Manufacturing Location Products Manufactured
- - ---------------------- ---------------------
Henderson, Nevada+ Sponge, Ingot
Morgantown, Pennsylvania+ Slab, Ingot, Raw Materials Processing
Vallejo, California* Slab, Ingot (including non-titanium
superalloys)
Verdi, Nevada* Slab, Ingot
Toronto, Ohio+ Billet, Bar, Plate, Sheet, Strip, Tube, Pipe
Morristown, Tennessee+ Tube, Sheet, Plate
Albany, Oregon+ Castings
Pomona, California* Castings
Witton, England* Ingot, Billet, Wire, Extrusions
Ugine, France* Ingot, Bar, Billet, Wire, Extrusions
Waunarlwydd (Swansea), Wales+ Bar, Plate, Sheet
- - ----------------
+ Owned facilities
* Leased facilities
TIMET UK's Witton facilities are leased from IMI pursuant to long-term
capital leases.
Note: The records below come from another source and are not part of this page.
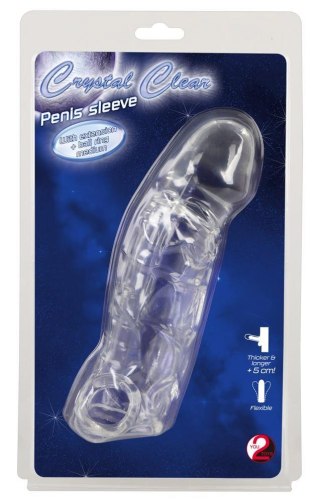 Crystal Clear Penis Sleeve wit Crystal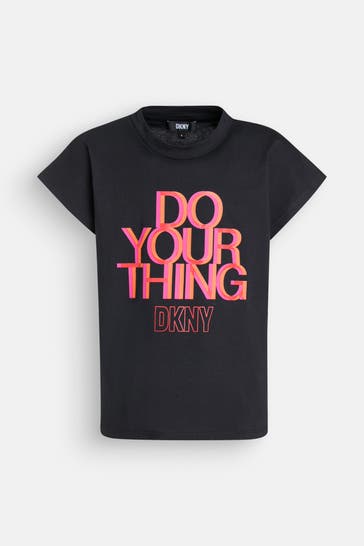 DKNY T-Shirt schwarz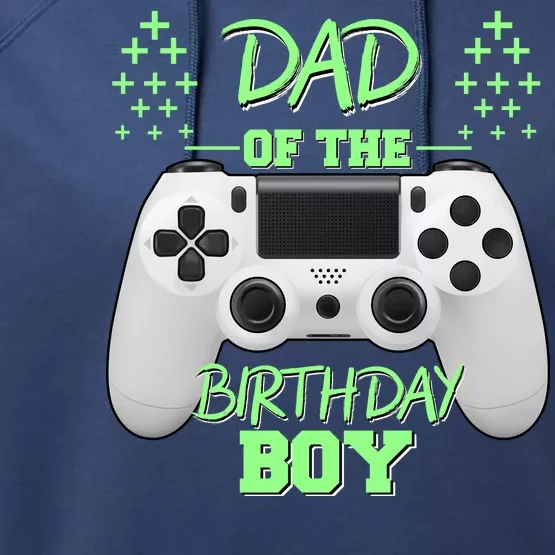 Dad Of The Birthday Boy Performance Fleece Hoodie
TIMET Savoie has the right, on a long-term basis, to utilize
portions of CEZUS' plant in Ugine. The Company's raw materials processing
operations are currently being relocated from leased facilities to the
company-owned facility in Morgantown.
United States Production. The Company's VDP sponge facility operated
at approximately 85% of its annual practical capacity of 20 million pounds
during 1996, up from 75% in 1995. The plant produces VDP sponge principally as
a raw material for a 30 million pound annual practical capacity ingot melting
facility, also at the Nevada site, and for the THT cold hearth melting
facilities. Titanium mill products are principally produced at a forging and
rolling facility in Ohio, which receives titanium ingots from the Nevada plant,
titanium slabs from THT and titanium slabs and hot bands purchased from outside
vendors including those located in Russia. Certain mill products are also
produced at the Tennessee finishing facility.
The Company's Henderson melting facility operated at about 65% of
capacity in 1996 (1995 - 45%). The Ohio and Tennessee facilities each operated
at about 80% of capacity in 1996, compared to about 40% and 60%, respectively,
in 1995. The Company closed its original 32 million pound rated capacity
Kroll-leach process sponge production facility in Nevada in 1994. However, in
connection with market demand for certain grades of sponge, the Company
reopened its original Kroll-leach plant, producing approximately 1.4 million
pounds in 1996. The Company expects to increase Kroll-leach production to an
annual rate of approximately 10 million pounds during 1997. Costs to restart
the Kroll-leach facility approximated $2 million in 1996.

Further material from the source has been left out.